Entries shown:
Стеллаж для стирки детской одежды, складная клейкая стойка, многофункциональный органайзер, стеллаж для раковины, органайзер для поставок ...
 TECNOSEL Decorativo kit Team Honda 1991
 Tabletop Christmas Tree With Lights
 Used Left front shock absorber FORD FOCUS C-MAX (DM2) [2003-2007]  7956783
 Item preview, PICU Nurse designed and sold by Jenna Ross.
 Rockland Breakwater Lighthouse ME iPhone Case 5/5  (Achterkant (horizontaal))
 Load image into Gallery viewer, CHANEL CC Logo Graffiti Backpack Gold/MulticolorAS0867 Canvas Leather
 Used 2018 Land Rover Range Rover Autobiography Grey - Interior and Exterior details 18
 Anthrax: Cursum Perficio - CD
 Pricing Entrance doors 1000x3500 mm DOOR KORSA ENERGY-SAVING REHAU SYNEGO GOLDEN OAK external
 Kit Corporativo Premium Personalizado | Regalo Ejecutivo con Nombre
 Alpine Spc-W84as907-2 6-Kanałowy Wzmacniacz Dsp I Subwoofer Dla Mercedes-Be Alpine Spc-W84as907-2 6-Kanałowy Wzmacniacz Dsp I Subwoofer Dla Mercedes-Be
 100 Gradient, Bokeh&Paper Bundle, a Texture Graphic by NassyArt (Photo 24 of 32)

Task instructions: Repeat each entry above, keeping every word exact.

Exercise output:
Стеллаж для стирки детской одежды, складная клейкая стойка, многофункциональный органайзер, стеллаж для раковины, органайзер для поставок ...
 TECNOSEL Decorativo kit Team Honda 1991
 Tabletop Christmas Tree With Lights
 Used Left front shock absorber FORD FOCUS C-MAX (DM2) [2003-2007]  7956783
 Item preview, PICU Nurse designed and sold by Jenna Ross.
 Rockland Breakwater Lighthouse ME iPhone Case 5/5  (Achterkant (horizontaal))
 Load image into Gallery viewer, CHANEL CC Logo Graffiti Backpack Gold/MulticolorAS0867 Canvas Leather
 Used 2018 Land Rover Range Rover Autobiography Grey - Interior and Exterior details 18
 Anthrax: Cursum Perficio - CD
 Pricing Entrance doors 1000x3500 mm DOOR KORSA ENERGY-SAVING REHAU SYNEGO GOLDEN OAK external
 Kit Corporativo Premium Personalizado | Regalo Ejecutivo con Nombre
 Alpine Spc-W84as907-2 6-Kanałowy Wzmacniacz Dsp I Subwoofer Dla Mercedes-Be Alpine Spc-W84as907-2 6-Kanałowy Wzmacniacz Dsp I Subwoofer Dla Mercedes-Be
 100 Gradient, Bokeh&Paper Bundle, a Texture Graphic by NassyArt (Photo 24 of 32)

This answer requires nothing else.